The Truce between the Regency of Algiers and the Court of Portugal will be imputed by a Party to the Influence of England, and No Other Party that I know of can contradict them. The Event has been daily expected, for Years, as it has been known that Portugal has been all along Suing for Peace, without offering Money enough to Satiate the Avidity of the hungry Barbarians. The Disposition to emigration in England Scotland and Ireland will be checked, and our growing Navigation will be impeded so much by these Corsairs, that the British Government will be Suspected to be highly delighted with it.
Congress must take a cool Survey of our Situation and do nothing from Passion.
I have read two Numbers of Columbus.

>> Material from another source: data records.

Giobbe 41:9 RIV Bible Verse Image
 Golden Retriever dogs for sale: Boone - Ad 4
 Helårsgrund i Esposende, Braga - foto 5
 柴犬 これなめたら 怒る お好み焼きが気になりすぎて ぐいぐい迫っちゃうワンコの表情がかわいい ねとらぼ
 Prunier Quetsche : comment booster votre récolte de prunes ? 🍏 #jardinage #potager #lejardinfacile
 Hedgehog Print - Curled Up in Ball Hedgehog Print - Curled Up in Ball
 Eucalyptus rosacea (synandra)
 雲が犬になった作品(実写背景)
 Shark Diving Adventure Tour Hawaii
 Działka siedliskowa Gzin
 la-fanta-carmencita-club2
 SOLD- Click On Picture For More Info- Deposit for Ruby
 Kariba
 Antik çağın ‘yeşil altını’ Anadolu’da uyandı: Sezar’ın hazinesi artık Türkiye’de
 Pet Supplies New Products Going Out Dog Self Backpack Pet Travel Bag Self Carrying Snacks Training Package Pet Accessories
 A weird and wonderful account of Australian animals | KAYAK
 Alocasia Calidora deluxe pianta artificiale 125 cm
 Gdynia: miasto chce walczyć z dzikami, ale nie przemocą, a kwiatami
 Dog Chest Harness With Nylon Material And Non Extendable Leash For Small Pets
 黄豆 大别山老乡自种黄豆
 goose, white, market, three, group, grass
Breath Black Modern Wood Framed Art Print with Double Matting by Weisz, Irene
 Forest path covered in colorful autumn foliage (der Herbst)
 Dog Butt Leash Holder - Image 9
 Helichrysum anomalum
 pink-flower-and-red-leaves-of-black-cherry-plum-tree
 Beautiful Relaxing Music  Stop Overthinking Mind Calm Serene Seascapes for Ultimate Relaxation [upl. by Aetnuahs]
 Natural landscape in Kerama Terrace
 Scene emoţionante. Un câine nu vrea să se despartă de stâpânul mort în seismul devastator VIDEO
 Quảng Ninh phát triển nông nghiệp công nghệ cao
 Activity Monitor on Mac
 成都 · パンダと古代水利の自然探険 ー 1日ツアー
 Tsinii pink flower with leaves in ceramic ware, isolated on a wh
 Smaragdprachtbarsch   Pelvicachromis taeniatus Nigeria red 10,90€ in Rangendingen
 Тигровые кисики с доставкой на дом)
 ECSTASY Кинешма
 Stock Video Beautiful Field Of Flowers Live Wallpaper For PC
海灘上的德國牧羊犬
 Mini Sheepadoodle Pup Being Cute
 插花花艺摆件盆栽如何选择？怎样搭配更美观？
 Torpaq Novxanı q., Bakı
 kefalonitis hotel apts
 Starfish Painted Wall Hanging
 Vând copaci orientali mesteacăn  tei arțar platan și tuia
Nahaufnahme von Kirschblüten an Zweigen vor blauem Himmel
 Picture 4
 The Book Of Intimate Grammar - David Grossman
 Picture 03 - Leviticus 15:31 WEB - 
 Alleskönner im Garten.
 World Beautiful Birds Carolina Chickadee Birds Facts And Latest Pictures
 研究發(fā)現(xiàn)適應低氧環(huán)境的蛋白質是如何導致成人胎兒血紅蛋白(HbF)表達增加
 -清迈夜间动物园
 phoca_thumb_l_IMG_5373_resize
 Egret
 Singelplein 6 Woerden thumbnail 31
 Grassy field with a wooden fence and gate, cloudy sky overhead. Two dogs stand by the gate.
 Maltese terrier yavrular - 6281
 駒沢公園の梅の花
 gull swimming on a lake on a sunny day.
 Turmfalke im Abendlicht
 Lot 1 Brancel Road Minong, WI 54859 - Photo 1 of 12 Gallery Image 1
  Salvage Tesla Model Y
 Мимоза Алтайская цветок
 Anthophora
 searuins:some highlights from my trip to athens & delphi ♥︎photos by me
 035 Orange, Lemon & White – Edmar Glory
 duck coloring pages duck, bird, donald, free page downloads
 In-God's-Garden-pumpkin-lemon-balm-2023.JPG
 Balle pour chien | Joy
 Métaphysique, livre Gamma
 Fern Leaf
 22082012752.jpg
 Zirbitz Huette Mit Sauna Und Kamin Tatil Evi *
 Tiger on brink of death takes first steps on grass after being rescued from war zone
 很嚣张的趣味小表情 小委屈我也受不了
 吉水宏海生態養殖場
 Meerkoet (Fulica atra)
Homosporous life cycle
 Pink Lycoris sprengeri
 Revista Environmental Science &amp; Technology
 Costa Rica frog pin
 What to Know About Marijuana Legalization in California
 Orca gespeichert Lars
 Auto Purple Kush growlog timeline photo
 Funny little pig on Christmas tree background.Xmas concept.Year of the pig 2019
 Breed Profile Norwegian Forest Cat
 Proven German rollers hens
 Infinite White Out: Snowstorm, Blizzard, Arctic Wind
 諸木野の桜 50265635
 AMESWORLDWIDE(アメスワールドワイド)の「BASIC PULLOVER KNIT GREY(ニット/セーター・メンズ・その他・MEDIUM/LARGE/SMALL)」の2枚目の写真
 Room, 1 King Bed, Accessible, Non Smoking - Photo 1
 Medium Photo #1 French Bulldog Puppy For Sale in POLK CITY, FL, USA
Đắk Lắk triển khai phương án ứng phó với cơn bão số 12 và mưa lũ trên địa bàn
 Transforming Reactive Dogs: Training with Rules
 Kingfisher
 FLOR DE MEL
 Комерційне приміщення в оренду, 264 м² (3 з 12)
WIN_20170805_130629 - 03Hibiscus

The Compass of Observation, maturity of Reflection and Elegance of Style Suggested to me Conjectures that the Statute of Limitations might not be the only Apology for my short Letter. It is a Mortification to reflect, that a few Ironies, a merry Satirical Story, or a little humour will make more Impression than all these grave Reasonings, polished Eloquence and refined oratory. The President however, with the Unanimous concurrence of The Four Officers of State, has formed the Same Judgment with Columbus, and I hear no Members of Congress who profess to differ from them.
How does your Democratical Society proceed in Boston? There ought to be another Society instituted according to my Principles, under the Title of the Aristocratical Society: and a third under that of The Monarchical Society and no Resolution ought to have Validity, untill it has been considered & approved by all three.
These Democratical Proceedings have brought upon Us, the Jealousy of the Combined Powers, and of all the French who do not concur with the Jacobin Clubbs, and these will soon be, if they are not at present the Majority of the Nation. Our People would do well to consider, to what Precipice they are running. When Junius Said The opinions of the People were always right and their Sentiments never wrong, I wonder what World he lived in.1 Is not a Mahometan Religion, the opinion of a People as well as the Christian and have not the Sentiments of the People of England for Example been furious against Monarchy in one year and for it in another. Such Popular Adulation is to me most contemptible, Although it is so pernicious that it ought to excite more Indignation than Contempt.
For myself, my Race is almost run. You have a long Career before you, and I am happy to observe that you have not accommodated your opinions nor Sentiments to the momentary Fashions of the present times, but have Searched for Principles which will be more durable. I am affectionately
RC (Adams Papers); internal address: “Mr Adams”; endorsed: “My Father 14. Decr: 1793.” and “My Father Decr: 14. 1793.” Tr (Adams Papers).
1. Junius, “To the Printer of the Public Advertiser,” 13 Oct. 1769, The Letters of Junius, London, 1770, Letter XXVII. JA is also quoting JQA’s own work back to him; JQA had just used the same quotation in the second article in his Columbus series.